Band Stocks [article]
The term "stock" or "stock arrangement" may not be well known to the general public. Indeed, the term also may not be familiar to the ordinary performing musician. Stock arrangements generally are published orchestrations for instrumental ensembles--bands or small orchestras--that enable them to perform popular songs or piano works that previously either had been unpublished in any form, or published only as piano or piano-vocal works.
The practice of scoring a work in a "stock" version dates back as early as the mid-18th century. The operas of Mozart often were adapted by skilled arrangers for various instrumental ensembles in greatly truncated versions or potpourris. In America, this practice first shows up in published works beginning just before the Civil War. Military band versions and small orchestra arrangements of popular songs, medleys from stage works, or any timely work which captured the public's fancy, often were arranged in various dance forms: quadrilles, lancers, quick-step marches.
In the early part of the 20th century, African-American composers began to see their works published as stock arrangements. Scott Joplin, James Reese Europe, and Eubie Blake are but a few of the enormously popular composers of "hit" songs who saw their works made available in stock versions during their lifetime.

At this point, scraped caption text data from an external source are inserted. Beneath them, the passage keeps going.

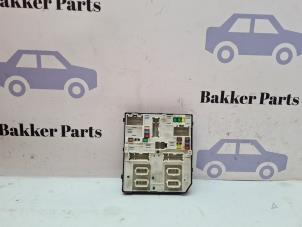 Gebruikte Bodycontrol Module Renault Grand Scénic III (JZ) 1.2 16V TCe 130 Prijs € 85,00 Margeregeling aangeboden door Bakker Parts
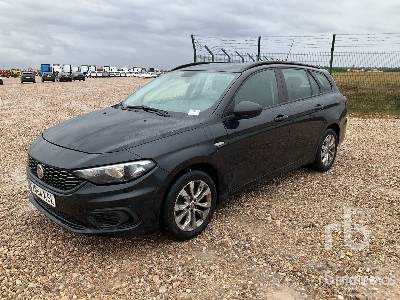 FIAT TIPO - Voiture: photos 1 FIAT TIPO - Voiture: photos 1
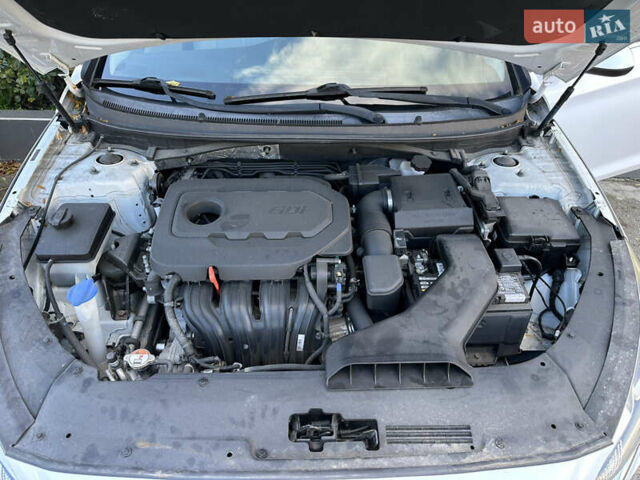 Білий Хендай Соната, об'ємом двигуна 2.5 л та пробігом 62 тис. км за 14500 $, фото 9 на Automoto.ua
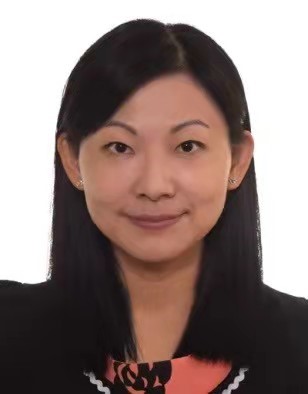 微笑的女人  描述已自动生成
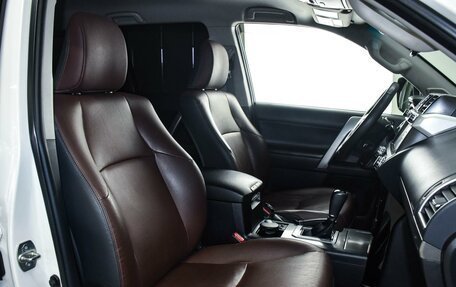 Toyota Land Cruiser Prado 150 рестайлинг 2, 2016 год, 4 599 000 рублей, 8 фотография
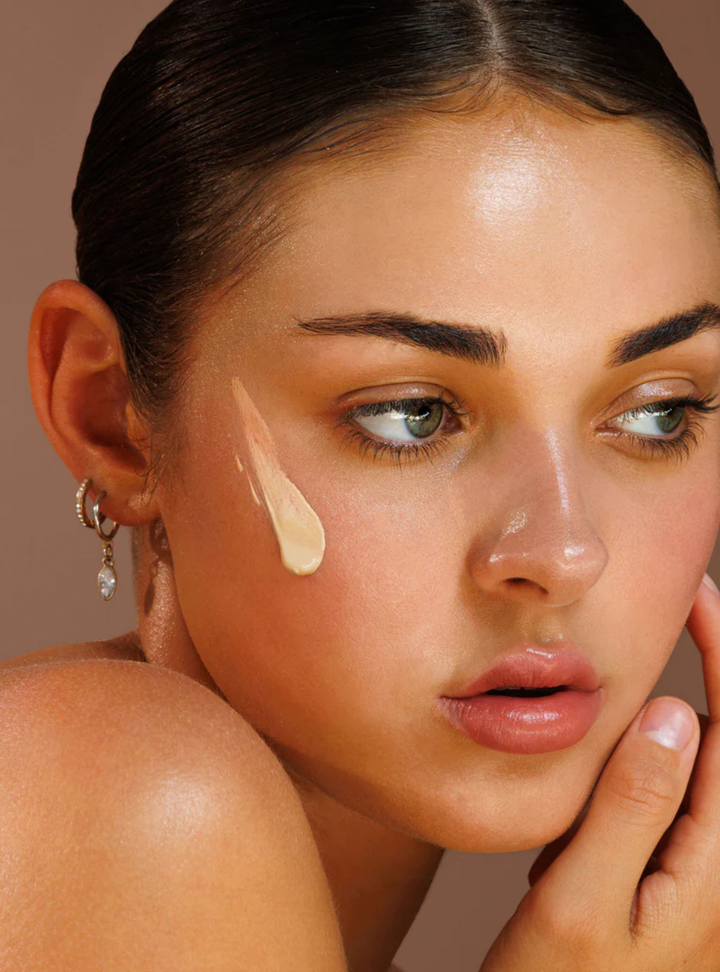 SPF 50 Natural Tinted Moisturiser - Light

African-American Band Music and Recordings, 1883-1923, provides instrumental parts for a representative sampling of the enormous body of published stock arrangements. The 1920s marked the beginning of the great era of popular song and of stock arrangement publishing. However, works published in 1923 and beyond remain under copyright protection. The public domain publications included here provide a valuable foundation for appreciating the formative years of stock arrangement publishing, a window into musical tastes and styles of the late 19th and early 20th centuries, and the contributions of both well-known and now obscure composers, both black and white, to American music.